プーチン氏、戦時経済の歪み認識 交渉によるウクライナ終戦望む向きも
1月23日 ロシアのプーチン大統領(写真左)は同国の戦時経済の歪みに懸念を強めていると、5人の関係筋が匿名を条件にロイターに語った。写真は2019年6月、大阪で撮影(2025年 ロイター/Kevin Lamarque)
Darya Korsunskaya Guy Faulconbridge Gleb Stolyarov
[モスクワ 23日 ロイター] - ロシアのプーチン大統領は同国の戦時経済の歪みに懸念を強めていると、5人の関係筋が匿名を条件にロイターに語った。
ロシア経済は、2022年のウクライナ侵攻後に西側諸国が複数回にわたり制裁を課したにもかかわらず、石油、ガス、鉱物の輸出が原動力となり、過去2年間にわたり力強く成長した。
だが、記録的な軍事費支出の下で加速したインフレに対処するために導入された高金利と労働力不足により、国内経済はここ数カ月で逼迫している。
このことが、ロシアの一部エリート層の間で交渉による戦闘終結が望ましいとの見方につながっていると政府筋は話す。
2期目に就任したばかりのトランプ米大統領は22日、ロシアがウクライナ戦争終結に合意しない場合、ロシアと「他の参加国」に高水準の税金や関税、制裁を課すと警告した。
ロシア中央銀行の元副総裁オレグ・ビューギン氏はインタビューで「ロシアは当然ながら、紛争の外交的終結に向けた交渉に経済的観点から関心を持っている」と述べ、ロシアが国防費を急増させるなかで経済の歪みが拡大するリスクを指摘した。
ロイターは以前、プーチン氏はトランプ氏と停戦の選択肢について協議する用意があるものの、ウクライナにおけるロシア領土拡大が認められること、ウクライナが北大西洋条約機構 (NATO)加盟申請を断念することが条件だと報じていた。
ロシア政府は、国内経済とウクライナ和平交渉に関するプーチン氏の見解に関するコメント要請に応じていない。
ホワイトハウスの国家安全保障会議報道官はロイターに対し、トランプ氏は幅広い関係者を巻き込むことで「残酷な戦争を終わらせることに注力している」と述べた。
バイデン政権は任期終了間際に、ロシアの石油・天然ガス収入を標的としたこれまでで最も広範な制裁措置を発動。
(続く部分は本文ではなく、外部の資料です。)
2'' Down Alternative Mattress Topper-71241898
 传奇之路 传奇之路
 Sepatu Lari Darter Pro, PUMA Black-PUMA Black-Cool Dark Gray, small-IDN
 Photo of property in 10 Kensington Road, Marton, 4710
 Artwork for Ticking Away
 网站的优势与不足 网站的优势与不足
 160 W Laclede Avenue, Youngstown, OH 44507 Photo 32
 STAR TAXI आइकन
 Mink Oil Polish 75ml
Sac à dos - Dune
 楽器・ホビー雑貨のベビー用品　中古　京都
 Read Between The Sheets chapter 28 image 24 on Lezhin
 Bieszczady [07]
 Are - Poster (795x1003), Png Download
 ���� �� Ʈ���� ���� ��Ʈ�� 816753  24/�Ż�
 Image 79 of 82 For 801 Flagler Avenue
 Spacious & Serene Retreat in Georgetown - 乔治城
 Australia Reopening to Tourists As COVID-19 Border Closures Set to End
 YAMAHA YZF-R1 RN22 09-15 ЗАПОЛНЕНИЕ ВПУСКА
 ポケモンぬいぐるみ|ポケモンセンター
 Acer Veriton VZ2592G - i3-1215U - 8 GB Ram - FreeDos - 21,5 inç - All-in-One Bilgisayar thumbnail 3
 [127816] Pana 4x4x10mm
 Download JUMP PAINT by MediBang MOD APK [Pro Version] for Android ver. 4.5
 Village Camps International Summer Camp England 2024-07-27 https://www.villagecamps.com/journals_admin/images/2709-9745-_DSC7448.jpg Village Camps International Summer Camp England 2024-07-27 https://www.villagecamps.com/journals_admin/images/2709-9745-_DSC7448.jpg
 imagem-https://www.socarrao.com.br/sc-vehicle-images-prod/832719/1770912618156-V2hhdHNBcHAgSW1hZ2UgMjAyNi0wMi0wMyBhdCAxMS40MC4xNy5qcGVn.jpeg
サリバン大統領補佐官(当時)はこの制裁でロシアに経済的圧力がさらにかかり、あらゆる交渉においてトランプ新大統領が優位に立てると述べていた。
ロシアは昨年、ウクライナでの領土支配を大幅に進め、現在ではウクライナの約5分の1を支配している。プーチン氏はロシア本土とクリミア半島を結ぶ土地の支配やウクライナ軍の弱体化など、主要な戦争目標はすでに達成されたと考えている、と政府に近い関係者は語った。
この関係者によると、プーチン氏は高金利が非軍事企業や産業に及ぼす影響を問題視し、戦争による経済への負担を認識している。
プーチン氏の苛立ちは顕著で、昨年12月の経済界幹部との会合では経済部門当局者らを叱責したという。信用コストが原因で民間投資が削減されていると聞いて不快感を示したとされる。
プーチン氏はこの会合から数日後の記者会見で「バランスの取れた金利決定」を要求。その翌日にロシア中央銀行は市場の利上げ予想に反して、金利を据え置いた。中銀総裁は会見で、圧力に屈したとの見方を否定した。